# DIY CO2 question



## Zoe (Feb 26, 2006)

I bought a CO2 system at the LFS. I guess it's similar to a DIY - a plastic jar where the sugar etc goes in, a plastic tube, leading to a pump.

I'm guessing it's out of media, because there's not much coming out of it anymore. The LFS sells the media for 8.99$, but can't I just use some yeast and sugar? Seems like it would be cheaper.
If I can, what's a good recipe for it?

Thanks!
Zoe


----------



## Puffer Pita (Jun 16, 2006)

I make my own mix of 1 liter of water, 1 cup of sugar and 1/2 tsp. yeast (basic bread yeast stuff). Works well for about a month. Use warm water and add the sugar, then shake or stir until its dissolved. Add yeast, give it a quick shake/stir, attach and done.


----------



## Phonemonkey (Oct 19, 2006)

I realize this is total overkill, but I figured the more information the better.
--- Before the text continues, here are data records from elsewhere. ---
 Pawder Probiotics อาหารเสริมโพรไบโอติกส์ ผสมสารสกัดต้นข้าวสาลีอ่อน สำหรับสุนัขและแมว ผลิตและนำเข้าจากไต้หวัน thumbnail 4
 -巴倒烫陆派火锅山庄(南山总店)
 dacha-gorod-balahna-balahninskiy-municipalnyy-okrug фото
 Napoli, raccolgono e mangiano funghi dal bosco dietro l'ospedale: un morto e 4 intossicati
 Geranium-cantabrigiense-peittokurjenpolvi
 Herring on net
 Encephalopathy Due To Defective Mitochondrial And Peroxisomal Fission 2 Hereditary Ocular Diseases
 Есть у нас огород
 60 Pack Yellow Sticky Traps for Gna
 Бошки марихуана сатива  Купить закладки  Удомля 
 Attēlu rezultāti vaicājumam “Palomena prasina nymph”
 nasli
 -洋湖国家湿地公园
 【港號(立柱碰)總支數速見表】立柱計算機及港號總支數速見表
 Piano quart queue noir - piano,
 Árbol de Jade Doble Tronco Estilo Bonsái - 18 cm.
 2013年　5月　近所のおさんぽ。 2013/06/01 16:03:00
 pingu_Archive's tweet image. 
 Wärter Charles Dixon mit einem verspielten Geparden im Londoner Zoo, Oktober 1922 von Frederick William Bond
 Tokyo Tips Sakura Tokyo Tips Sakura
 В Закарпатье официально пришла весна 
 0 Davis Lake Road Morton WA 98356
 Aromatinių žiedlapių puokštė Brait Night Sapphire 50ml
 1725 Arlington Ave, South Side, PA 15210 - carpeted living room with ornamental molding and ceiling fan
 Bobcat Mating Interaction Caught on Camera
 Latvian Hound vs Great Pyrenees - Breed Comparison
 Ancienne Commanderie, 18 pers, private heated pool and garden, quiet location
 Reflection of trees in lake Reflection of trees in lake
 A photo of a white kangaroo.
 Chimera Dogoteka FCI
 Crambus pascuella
Been looking into DIY co2 myself lately, heres a few links with lots of useful information:

http://www.qsl.net/w2wdx/aquaria/diyco2.html

http://www.thekrib.com/Plants/CO2/co2-narten.html

The yeast/sugar/water ratio seems to be a subject of endless debate... these sites give some good starting points though.


----------



## girth vader (Apr 24, 2006)

this may have been mentioned in those articles, but brewers yeast that you buy at ubrews and wine making places ferments longer then typical bakers yeast, but they both produce CO2. Kep the bottle temp warm as well, cold water slows down ROP a lot.

ziggy.


----------



## Mazzy (Dec 16, 2006)

Phonemonkey - have you used the system described in the DIY article link you posted?
I would like to use CO2 but I am a little scared of the potential explosion factor.


----------



## Damon (Jan 18, 2005)

It is extremely rare to blow up a DIY mixture unless you don't give the gas a place to escape.


----------